Three species detected in our study—Chromogobius zebratus, Cyclothone atraria, and Vanneaugobius dollfusi—are not listed in the recent compilation of Portuguese ichthyofauna by Carneiro et al.74. Notably, all these species belong to genera that have reported members in Portugal. Although this may indicate some of the first documented occurrences of these species in the area, conclusions must be drawn cautiously. Chromogobius zebratus and V. dollfusi are known to inhabit the Mediterranean Sea, making plausible an introduction or migration from those waters. However, the case of C. atraria is more debatable, given that its known records are associated with the North Pacific Ocean. Furthermore, the species recorded in Portugal for these genera are underrepresented in the databases for the different markers, as highlighted before in the Arnoglossus case. While this study employed conservative criteria to minimise false positives, it is crucial to note that C. atraria was identified with just 5 reads in F4 using Fish16S, and V. dollfusi was detected with fewer than 15 reads in two locations (A2 and A3), by FishATL_Cocktail2. In contrast, C. zebratus presented a different scenario, being identified in three points (F1, F2, and A1) by multiple markers (COI and 16S), and even emerging as one of the top records in A1.

This brings to consideration the importance of establishing a suitable threshold to confirm the presence of a taxon in a study, a challenge for which there is no consensus in the field, as noted by Breitbart et al.75. In our study, we adopted a ratio proposed by Macé et al.14 that aligned well with our research objectives. However, it became evident that adjusting the minimum number of reads required to validate a species record, whether increased or decreased, could lead to an increase in false negatives or false positives, respectively. Considering this information, future investigations in the sampled region will contribute to clarifying the status of these possible new records and exploring the potential ecological implications of these species in the area.
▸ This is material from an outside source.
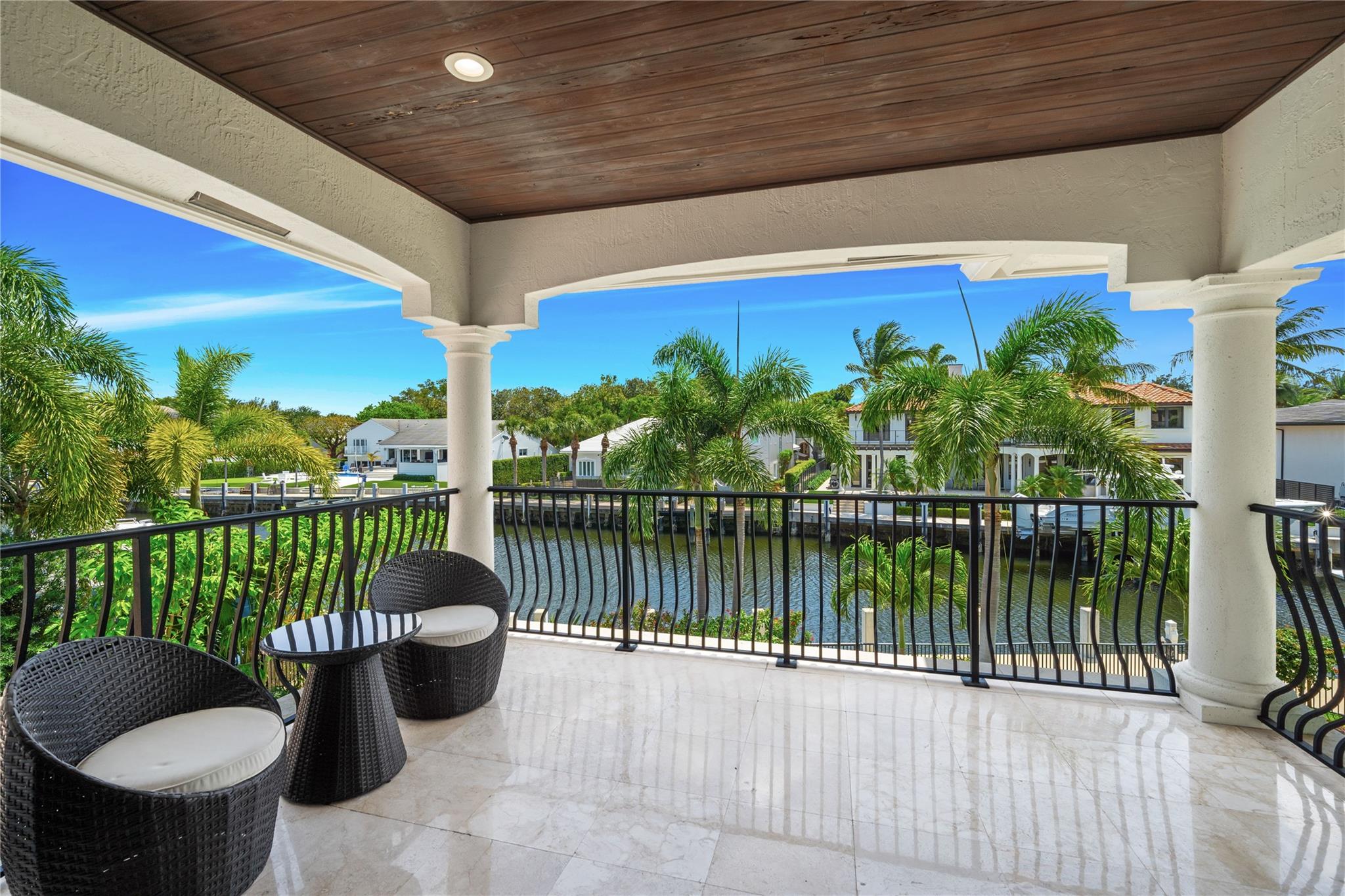 41 Compass Lane, Fort Lauderdale, FL 33308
Our findings underscored the superior efficacy of DNA metabarcoding in identifying species from ichthyoplankton samples, compared to traditional morphological methods. By linking DNA species-level identifications with higher taxonomic-level morphological identifications, DNA metabarcoding provided potential solutions for some genera and family identifications that traditional methods struggled with. Furthermore, our research reaffirmed the importance of using multiple molecular markers and respective amplicons in metabarcoding studies. This comprehensive approach revealed a greater extent of diversity than using a single marker/primer pair, leading to more robust analyses and greater certainty in the results. In conclusion, our results align with our objectives, demonstrating that DNA metabarcoding is a powerful tool for uncovering fish diversity in ichthyoplankton samples. This technology has immense potential for supporting future fish stock assessments and aiding in the management of marine ecosystems.